The American’s identified the Japanese Emperor as being central to the Japanese political and social system and therefore linked to their national concept of honour. Not wishing to spend the tens (if not hundreds) of thousands of American lives that it would cost to assault the Japanese mainland; the American’s identified that if the Japanese could retain some honour the Emperor, and subsequently the people, would accept defeat. In other words, if Japan were to remain Japan and if the Emperor where to remain their Emperor the war could be over. The task became to convince the Emperor that surrender was the least worst option for the Japanese.

Many believe that it was the dropping of the atomic bombs which caused Japan to surrender, resulting in the end of the Second World War. But in reality, while the atomic bombs were an important factor, the reason was far more complex. Numerous events played a role in setting the conditions which forced the Japanese to consider defeat. The operational defeats throughout the Pacific along with the defeats and pressure in Asia; the economic, resource and industrial strangulation, largely executed by submariners; the strategic bombings; the entrance of Russia into the fray; the American successful capture of Okinawa; and finally, the dropping of the atomic bombs and pending invasion all played a role. Of course, the degradation of trust in the Japanese Army and the status of the defensive preparations of the mainland were also factors which set the conditions for the Emperor to be convinced that accepting defeat was the better option.
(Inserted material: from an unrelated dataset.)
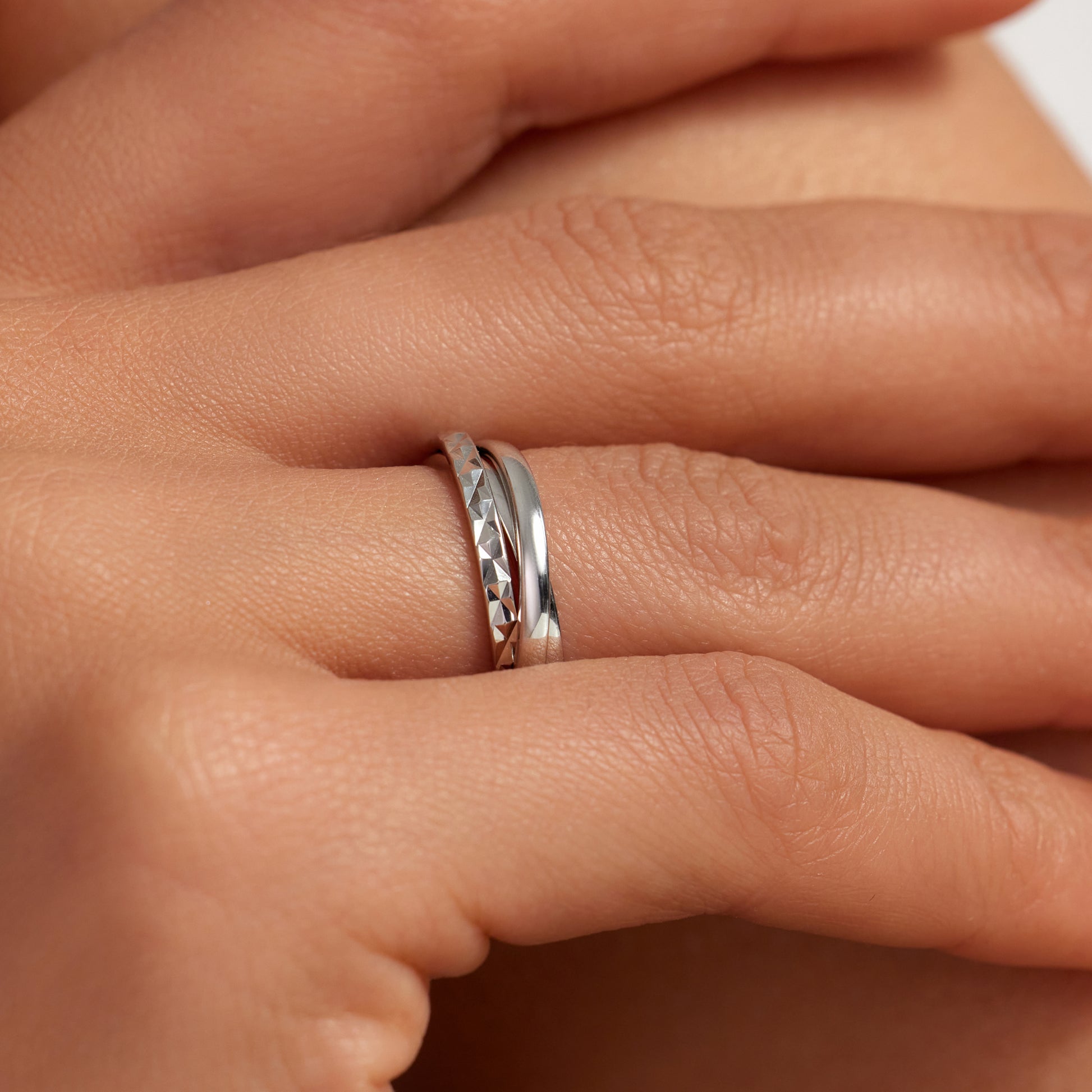 Ponte Vecchio Lucilla 925 sterling silver ring with diamond cut - Parte di Me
The Japanese Emperor’s acceptance of defeat and subsequent announcement to the Japanese people that they had been defeated was critical to the war’s end. The Americans identified the importance of the Emperor to the Japanese political and societal being and realised that through him the Japanese could retain their honour and identity despite defeat. An alternate history, where the Americans demanded complete regime change, would very likely have resulted in an American invasion of the Japanese mainland, tens of thousands of more lives lost, and a long-term counter-insurgency war completely changing the course of history. Instead, Japan was allowed to rebuild and retain their national identity. America and Japan are now close allies sharing economic and defence ties in support of mutual interests.
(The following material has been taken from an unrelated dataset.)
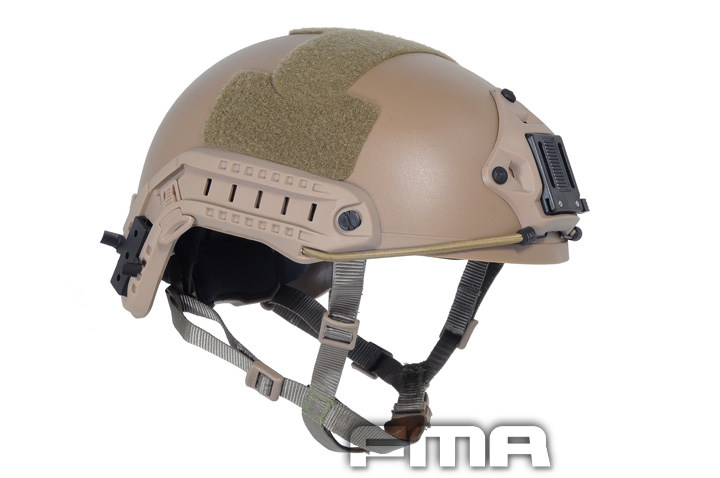 TB326 L/XL Size FMA BalIistic Style Tactical FAST OPS Helmet TAN DE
Nations must focus significant effort toward advancing technological solutions to gain and maintain military superiority over potential adversaries. Particularly where they are unlikely to gain advantage through mass. However, as history demonstrates, large scale conflicts seldom end quickly and the will to fight of nations is ultimately what must be maintained, or defeated. Effort needs to be applied to understand what might constitute the strategic defeat mechanisms of potential adversaries’ national will. Further, nations should not rest all hope on achieving technological superiority in lieu of potential requirements to generate mass and accept that long and escalating future wars might be a reality. As Strategist and Author, Peter Singer, said in his address to the United States Senate Armed Services Committee ‘…our human flaws and mistakes still drive conflict, whether it is fought with a stone or a drone.’ Wars are a human endeavor and they only ever truly end when a belligerent nation, and its people, accept that it is ended.